Customized optimization of metabolic pathways by combinatorial transcriptional engineering

Abstract

A major challenge in metabolic engineering and synthetic biology is to balance the flux of an engineered heterologous metabolic pathway to achieve high yield and productivity in a target organism. Here, we report a simple, efficient and programmable approach named 'customized optimization of metabolic pathways by combinatorial transcriptional engineering (COMPACTER)' for rapid tuning of gene expression in a heterologous pathway under distinct metabolic backgrounds. Specifically, a library of mutant pathways is created by de novo assembly of promoter mutants of varying strengths for each pathway gene in a target organism followed by high-throughput screening/selection. To demonstrate this approach, a single round of COMPACTER was used to generate both a xylose utilizing pathway with near-highest efficiency and a cellobiose utilizing pathway with highest efficiency that were ever reported in literature for both laboratory and industrial yeast strains. Interestingly, these engineered xylose and cellobiose utilizing pathways were all host-specific. Therefore, COMPACTER represents a powerful approach to tailor-make metabolic pathways for different strain backgrounds, which is difficult if not impossible to achieve by existing pathway engineering methods.

Figure 1.

General scheme of the COMPACTER method for combinatorial pathway design. See text for details.

Figure 2.

Creation of a highly efficient xylose utilizing pathway in both laboratory and industrial S. cerevisiae strains via COMPACTER. Red circle: xylose; blue triangle: ethanol. (a) Scheme of the engineered fungal xylose utilizing pathway. (b) Xylose fermentation of eight randomly picked clones from the COMPACTER library. (c) Comparison of xylose consumption and ethanol production in the industrial strain. Open symbol: the reference industrial strain CTY-XWT; solid symbol: the mutant industrial strain CTY-X7. (d) Comparison of xylose consumption and ethanol production in the laboratory strain. Open symbol: the reference laboratory strain INV-XWT; solid symbol: the mutant laboratory strain INV-X3. (e) Pathway switching in the industrial strain. Open symbol: the industrial strain harboring the pathway from the mutant laboratory strain CTY-X3; solid symbol: the mutant industrial strain CTY-X7. (f) Pathway switching in the laboratory strain.

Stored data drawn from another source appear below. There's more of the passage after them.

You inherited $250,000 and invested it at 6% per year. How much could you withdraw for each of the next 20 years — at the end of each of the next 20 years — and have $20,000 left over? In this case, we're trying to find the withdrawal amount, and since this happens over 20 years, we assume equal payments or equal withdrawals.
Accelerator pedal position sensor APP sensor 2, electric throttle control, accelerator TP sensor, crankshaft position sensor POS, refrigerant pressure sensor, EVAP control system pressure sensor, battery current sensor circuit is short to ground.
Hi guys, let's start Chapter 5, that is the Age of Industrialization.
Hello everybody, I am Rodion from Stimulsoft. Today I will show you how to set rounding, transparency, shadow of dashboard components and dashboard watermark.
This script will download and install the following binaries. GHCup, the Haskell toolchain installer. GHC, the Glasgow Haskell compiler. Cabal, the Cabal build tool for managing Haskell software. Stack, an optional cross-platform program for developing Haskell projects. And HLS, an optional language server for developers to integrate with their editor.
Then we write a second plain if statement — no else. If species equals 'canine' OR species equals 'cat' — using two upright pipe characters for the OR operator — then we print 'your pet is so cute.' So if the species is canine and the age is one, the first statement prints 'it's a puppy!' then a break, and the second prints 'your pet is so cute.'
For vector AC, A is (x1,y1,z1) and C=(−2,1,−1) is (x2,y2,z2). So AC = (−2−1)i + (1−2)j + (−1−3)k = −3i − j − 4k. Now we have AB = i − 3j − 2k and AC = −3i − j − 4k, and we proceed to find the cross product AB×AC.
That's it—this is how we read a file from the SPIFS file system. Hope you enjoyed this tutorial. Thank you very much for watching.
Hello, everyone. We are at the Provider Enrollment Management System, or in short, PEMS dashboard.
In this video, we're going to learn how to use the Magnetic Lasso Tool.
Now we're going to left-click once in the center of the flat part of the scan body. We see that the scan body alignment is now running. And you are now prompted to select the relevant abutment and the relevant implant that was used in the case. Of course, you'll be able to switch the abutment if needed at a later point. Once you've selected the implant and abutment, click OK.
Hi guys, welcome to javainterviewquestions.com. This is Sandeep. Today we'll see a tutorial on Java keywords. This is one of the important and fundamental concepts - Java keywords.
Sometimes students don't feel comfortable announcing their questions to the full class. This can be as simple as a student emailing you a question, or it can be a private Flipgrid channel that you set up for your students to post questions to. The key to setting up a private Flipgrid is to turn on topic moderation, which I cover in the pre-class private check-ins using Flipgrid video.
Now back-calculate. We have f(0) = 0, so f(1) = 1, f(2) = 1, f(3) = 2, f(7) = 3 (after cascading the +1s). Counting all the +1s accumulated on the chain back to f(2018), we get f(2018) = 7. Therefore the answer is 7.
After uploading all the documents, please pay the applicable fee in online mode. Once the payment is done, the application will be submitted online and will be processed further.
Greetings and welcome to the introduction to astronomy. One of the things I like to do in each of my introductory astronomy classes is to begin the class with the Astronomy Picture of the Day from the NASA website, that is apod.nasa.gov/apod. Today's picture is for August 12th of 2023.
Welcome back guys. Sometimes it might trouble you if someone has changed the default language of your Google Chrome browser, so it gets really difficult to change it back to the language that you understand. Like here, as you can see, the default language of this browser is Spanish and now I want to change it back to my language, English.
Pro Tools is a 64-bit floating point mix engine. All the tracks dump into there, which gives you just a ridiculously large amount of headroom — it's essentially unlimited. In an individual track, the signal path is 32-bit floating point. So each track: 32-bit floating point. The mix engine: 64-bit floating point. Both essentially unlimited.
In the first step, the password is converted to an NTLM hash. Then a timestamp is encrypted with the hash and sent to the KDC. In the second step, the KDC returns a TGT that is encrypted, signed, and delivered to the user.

Open symbol: the laboratory strain harboring the pathway from the mutant industrial strain INV-X7; solid symbol: the mutant laboratory strain INV-X3. (g) Relative expression levels of XR, XDH and XKS in the mutant industrial strain CTY-X7 and the reference industrial strain CTY-XWT measured using qPCR. The expression levels were normalized by making the expression level of XR as 1. (h) Relative expression levels of XR, XDH and XKS in the mutant laboratory strain INV-X3 and the reference laboratory strain INV-XWT measured using qPCR. The expression levels were normalized by making the expression level of XR as 1.

Figure 3.

Creation of a highly efficient cellobiose utilizing pathway in both laboratory and industrial S. cerevisiae strains via COMPACTER. Red circle: cellobiose; black square: OD (A₆₀₀); blue triangle: ethanol. (a) Scheme of the engineered cellobiose utilizing pathway. (b) Library screening on an YPAC agar plate. (c) Comparison of cellobiose consumption and ethanol production in 250 ml flask fermentations in the industrial strain. Open symbol: the reference industrial strain CTY-CWT; solid symbol: the mutant industrial strain CTY-C59. (d) Comparison of cellobiose consumption and ethanol production in 250 ml flask fermentations in the laboratory strain. Open symbol: the reference laboratory strain INV-CWT; solid symbol: the mutant laboratory strain INV-C3. (e) Pathway switching in the industrial strain. Open symbol: the industrial strain harboring the pathway from the mutant laboratory strain CTY-C3; solid symbol: the mutant industrial strain CTY-C59. (f) Pathway switching in the laboratory strain. Open symbol: the laboratory strain harboring the pathway from the mutant industrial strain INV-C59; solid symbol: the mutant laboratory strain INV-C3. (g) Relative expression levels of CDT and BGL in the mutant industrial strain CTY-C59 and the reference industrial strain CTY-CWT measured using qPCR. The expression levels were normalized by making the expression level of CDT as 1. (h) Relative expression levels of CDT and BGL in the mutant laboratory strain INV-C3 and the reference laboratory strain INV-CWT measured using qPCR. The expression levels were normalized by making the expression level of CDT as 1.